Please clarify. Do you mean new types of music (new genres), or music that is newly released (perhaps new compositions), or just music that is new to you?

Are you saying that people’s musical tastes tend to be fixed at 30 and they just listen to the same old songs? Or, rather, that if they’re fans of bluegrass music generally, they’re never going to start listening to trance?

If I listen to a radio station that plays many things I know and also many things I’ve never heard before, including new releases of old works, does that count or not?

=============

Ah, you changed the question.

rockfan's avatar

In the article, they are simply referring to “discovering new music”.

Which pertains to brand new music recorded recently.

For example, my dad loves soul music, but he doesn’t seek out new soul music that sounds similar to the music he already likes. Instead, he’d rather listen to the soul music he already knows.

rockfan's avatar

For some reason, the link I provided isn’t working. It’s a Business Insider article titled:

“We stop discovering new music at age 30, a new survey suggests”

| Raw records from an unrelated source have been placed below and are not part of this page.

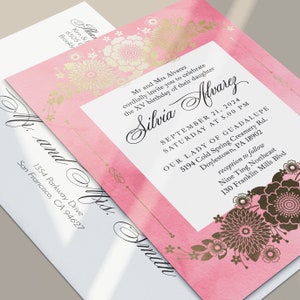 Luxe 5 x 7 invitations roses de Quinceanera avec des ornements de fleurs de feuille d&#39;or, des invitations de Mis Quince Anos, des invitations de princesse de 15e anniversaire de fille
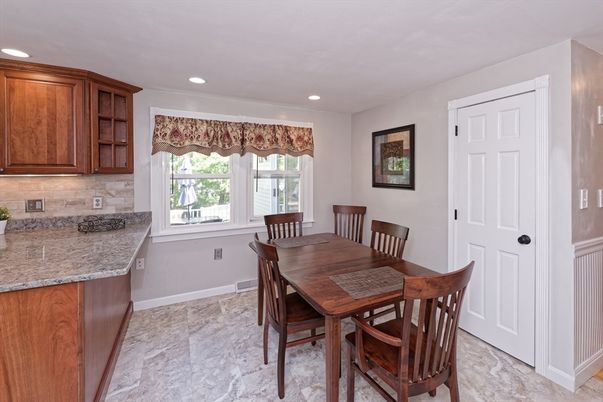 Dining room, Interior, Kitchen, Recessed Lighting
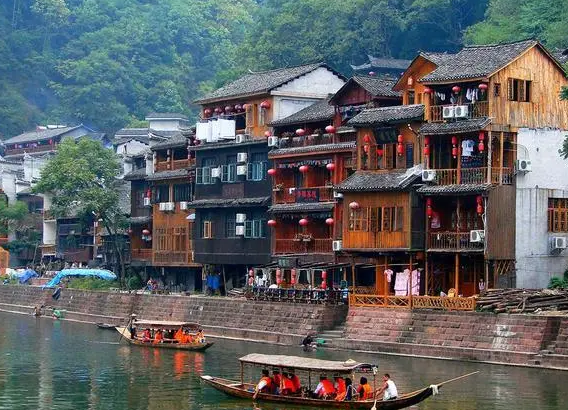 广西省有什么好玩的旅游景点-探秘广西10个不可错过的旅游景点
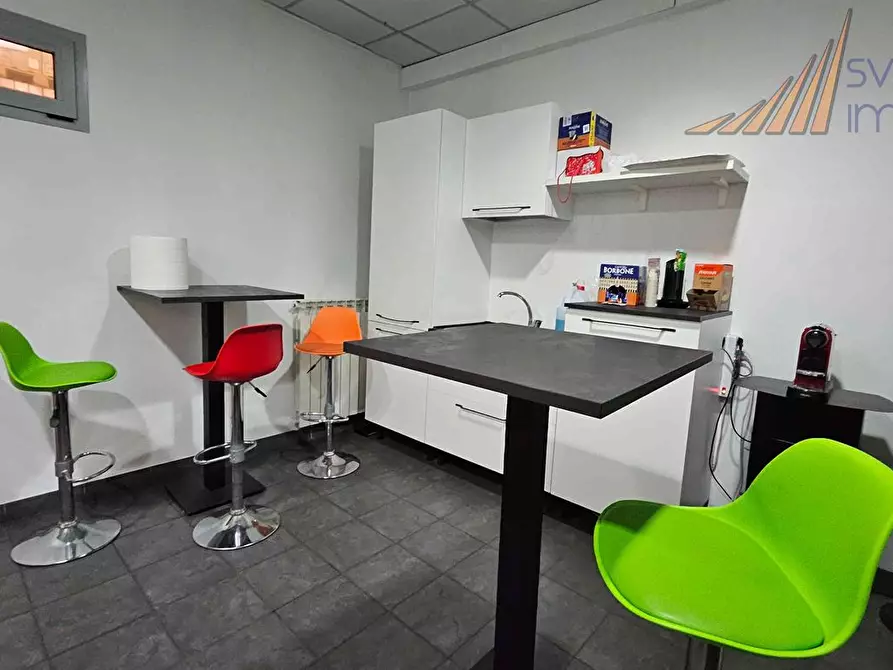 Immagine 6 di Capannone industriale in affitto  a Peschiera Borromeo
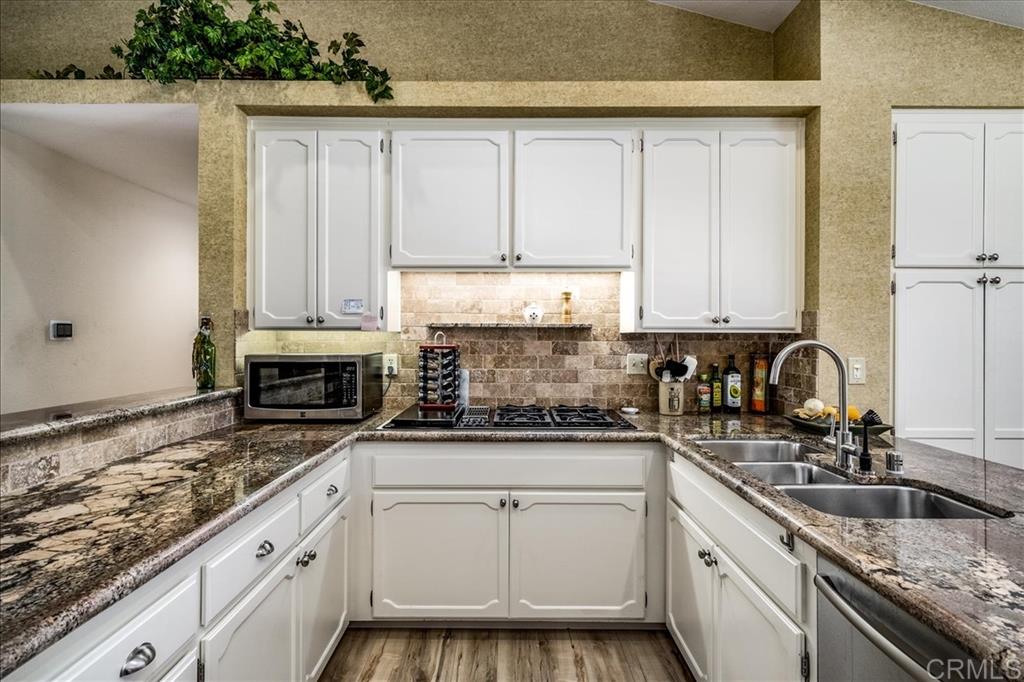 1530 Ventana Drive Escondido, CA 92029 - Photo 17 of 25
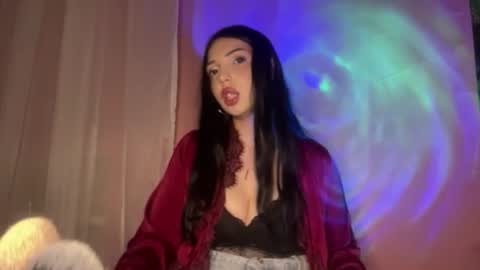 Snapshot of abbieguella chatting on 07/11/26, 11:02 Mia online show from 07/11/26, 11:02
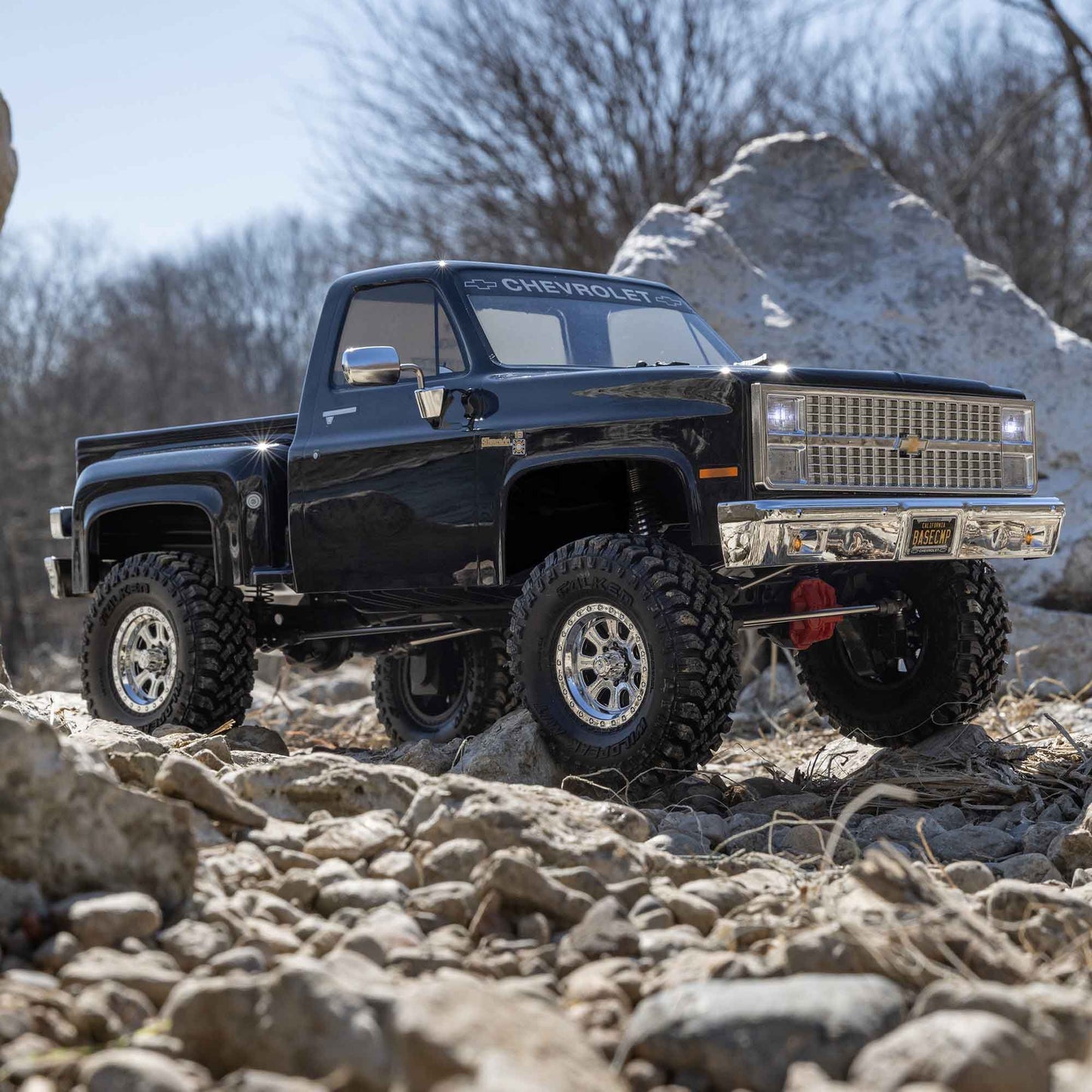 SCX10 III Base Camp 82 Chevy K10 RTR Black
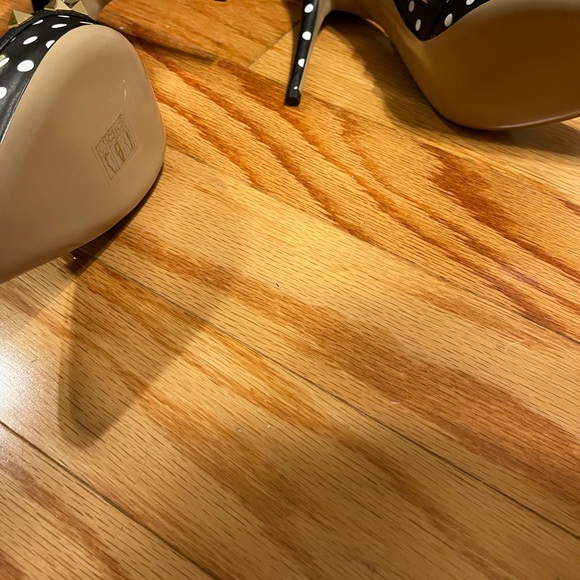 COPY - New 39 rock stud caged Valentino Shoes - Picture 7 of 7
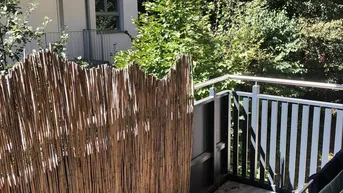 Expose * Wunderschöne helle Designerwohnung mit Balkon - perfekte Lage nähe KFU *
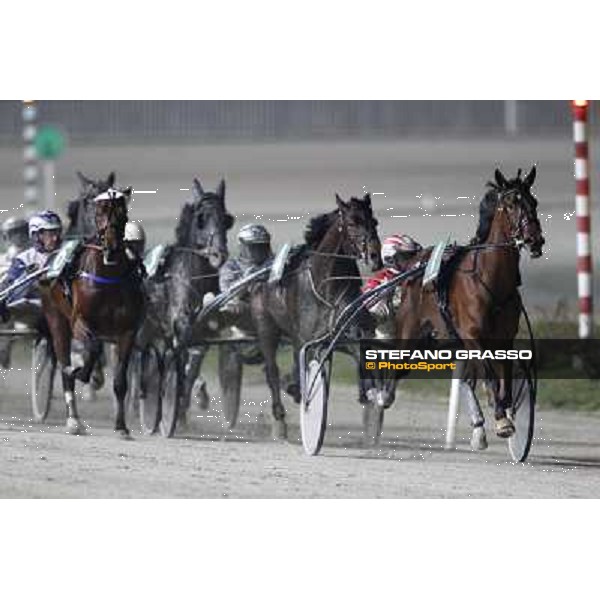 Gran Criterium \'Memorial Piero Biondi\' - Pippo Gubellini with Owen\'s Club leads the group Milan - San Siro racetrack, 14th nov. 2010 ph. Stefano Grasso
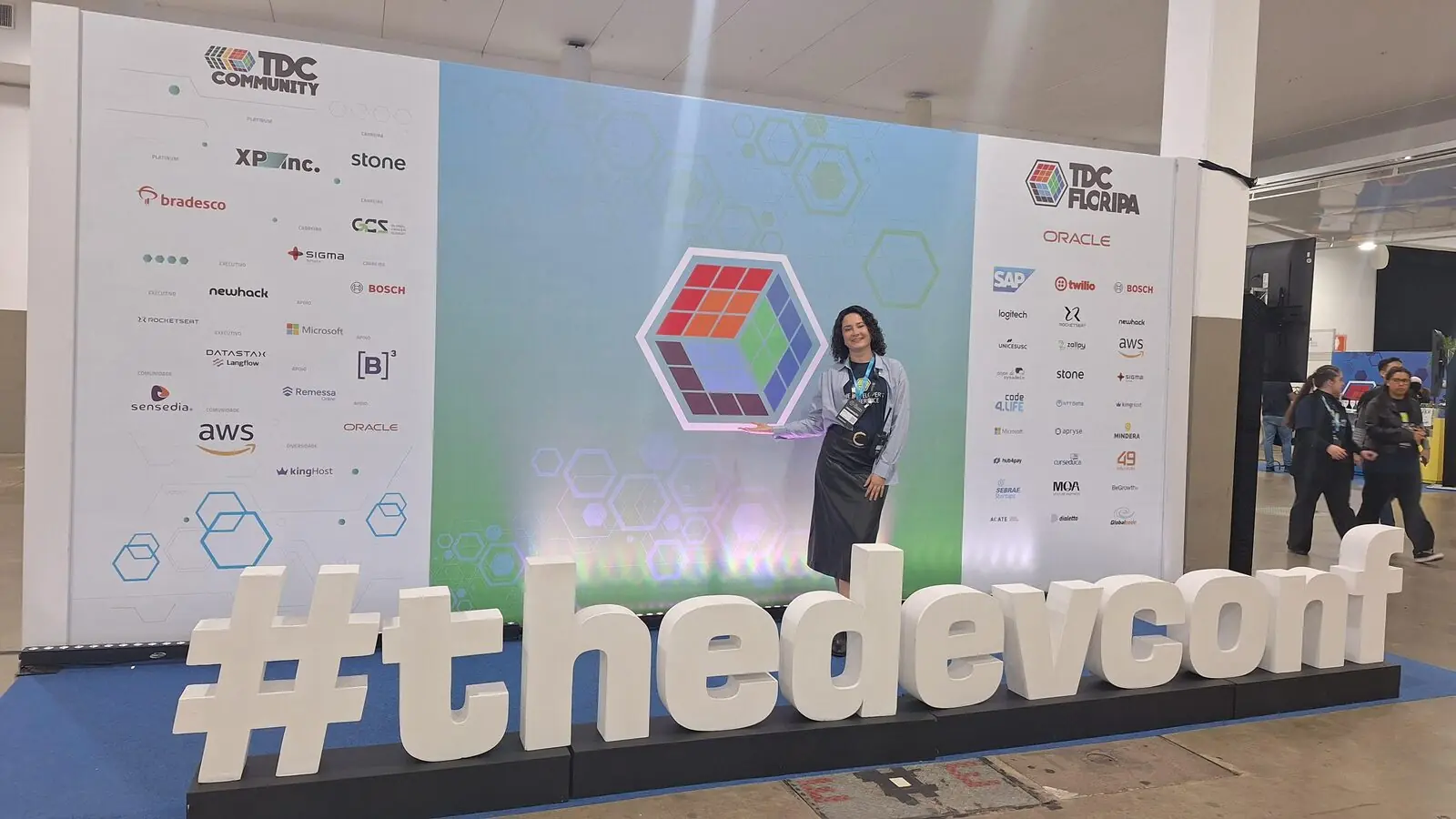 Letreiro #thedevconf montado na entrada do TDC Floripa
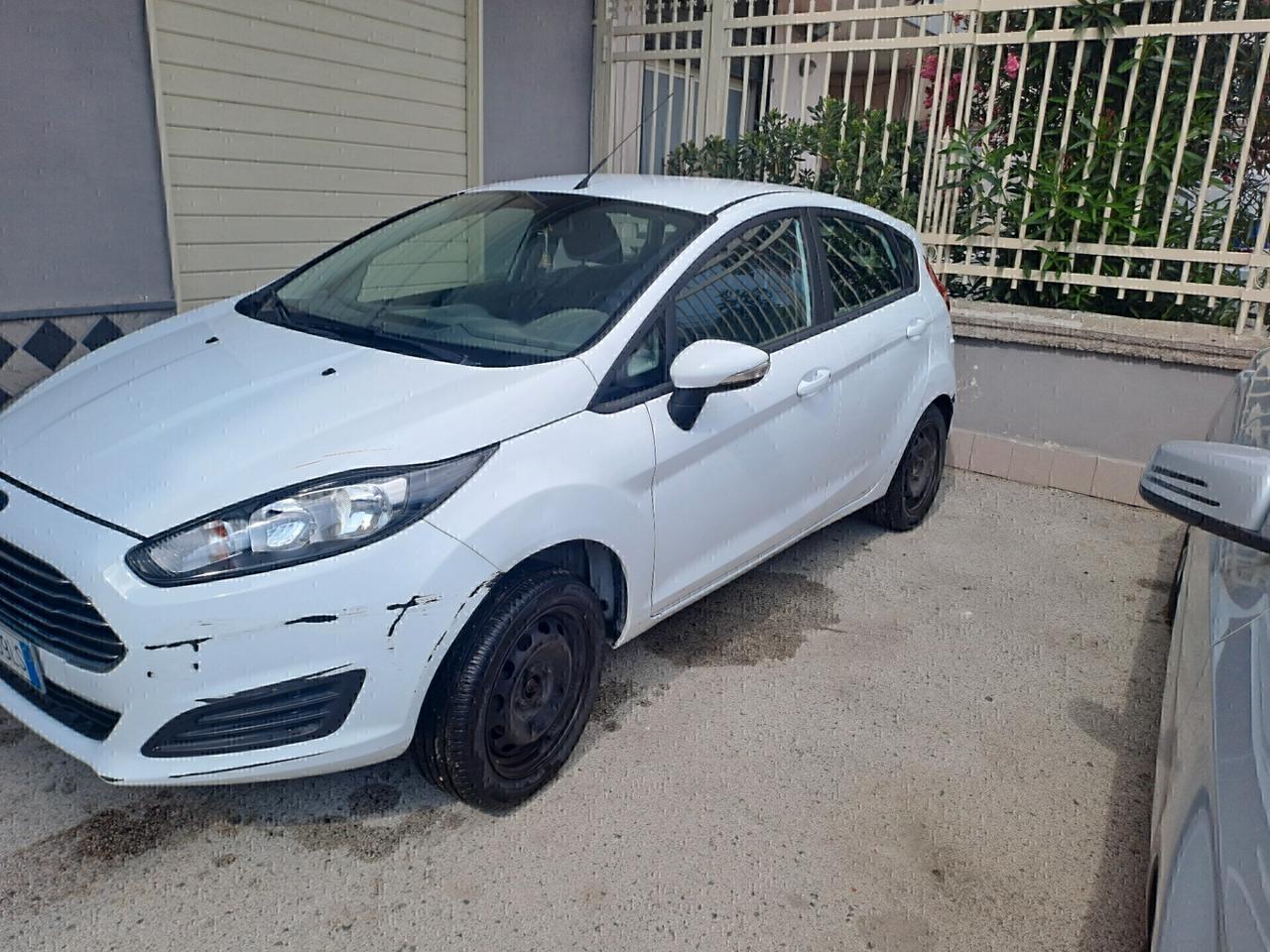 Ford Fiesta 1.0 80CV 5 porte.LEGGI BENE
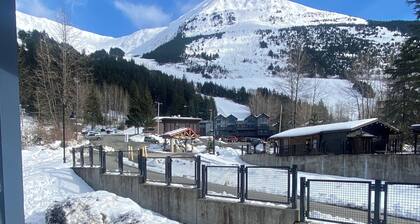 Alyeska Base View Studio Condo; Location Location! Park And Walk To Everything.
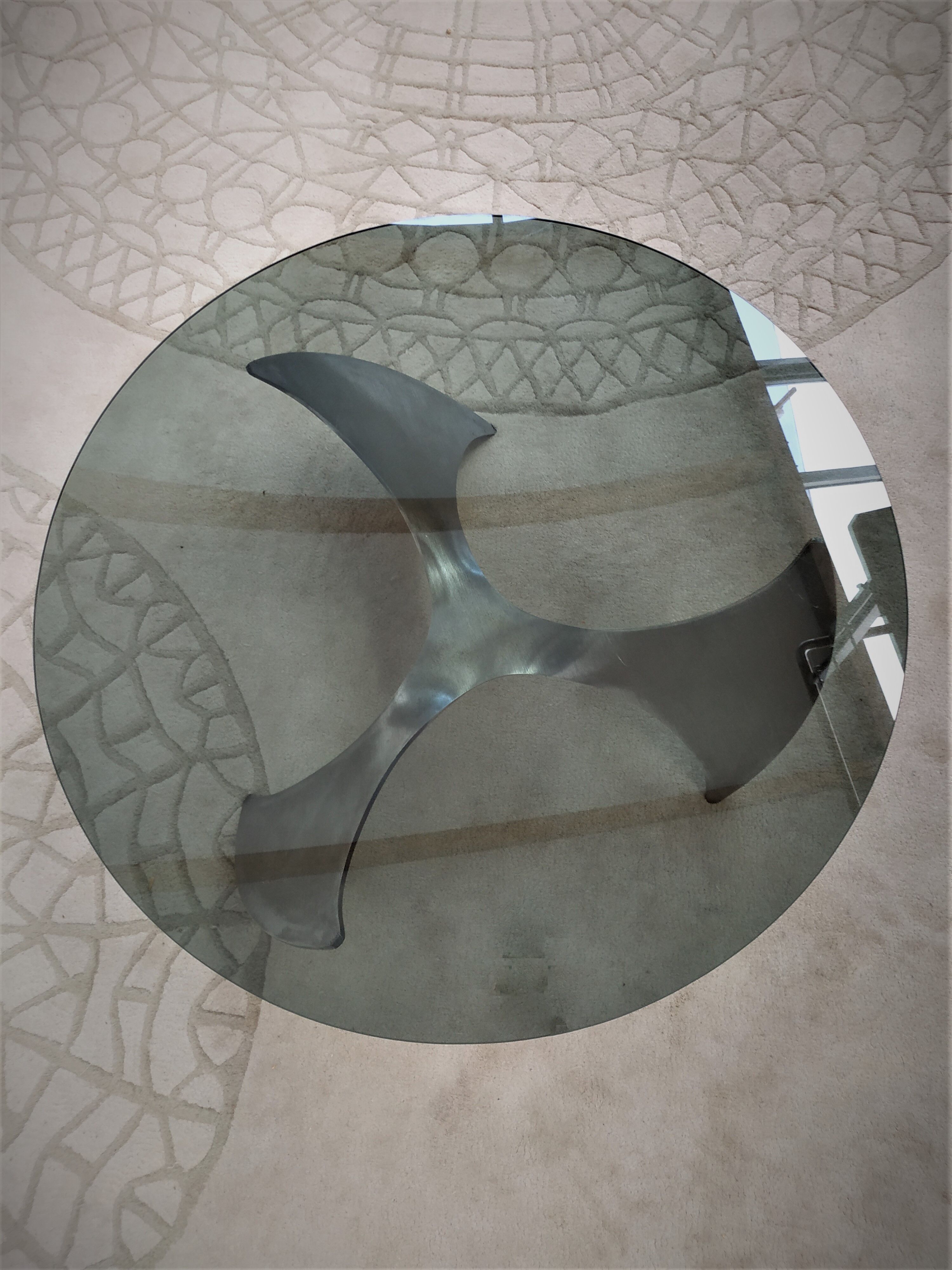 Round coffee table the Propeller (propeller) of Knut Hesterberg glass top and steel base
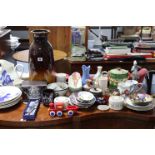 Various items of decorative china & pottery, part w.a.f.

lucillelucillelucille's avatar

I have not stopped.
My brother mixes sound and sends me new stuff that he works on often enough but most of the “new” stuff I seek out is not recent.

hmmmmmm's avatar

My mid-twenties saw a great decline. I had a minor increase in my early 30s, and I will occasionally find something new I like, but for the most part, my consumption of music is a nostalgic exercise.

canidmajor's avatar

Big decline when I became a parent, at 34, then another big uptick when I had a young teenager in the house. Decline again around 55, circumstances again.

Jeruba's avatar

Wondering if the type of music you listened to in the first place tends to limit your openness to new compositions and new genres. If your tradition is Cajun, will you try opera? If your taste runs to classical, will you sample Cajun?

Brian1946's avatar

Probably when I was 66.

The woman who was my singing teacher, gave me her first CD, which I think was made in 2013.

Mama_Cakes's avatar

I’m 48 and I still seek out new music. I hop on over to NPR and check out their “First Listen”. I’ve discovered a lot of great artists that way.

zenvelo's avatar

I stopped listening to new music when I got married at age 35. But I started up again when the marriage ended 15 years later. Since the I have hear a lot of new music and met a lot of musicians.

hmmmmmm's avatar

* Let me also add that I loved music from 15 years old to my mid-twenties. I spent nearly all of my money I earned on cassettes and going to shows. Here in Boston in the 80s, the punk/hardcore, industrial, post-rock, alternative scene was pretty amazing. I would spend my late teens attending at least a couple of shows per week. It was an exciting time.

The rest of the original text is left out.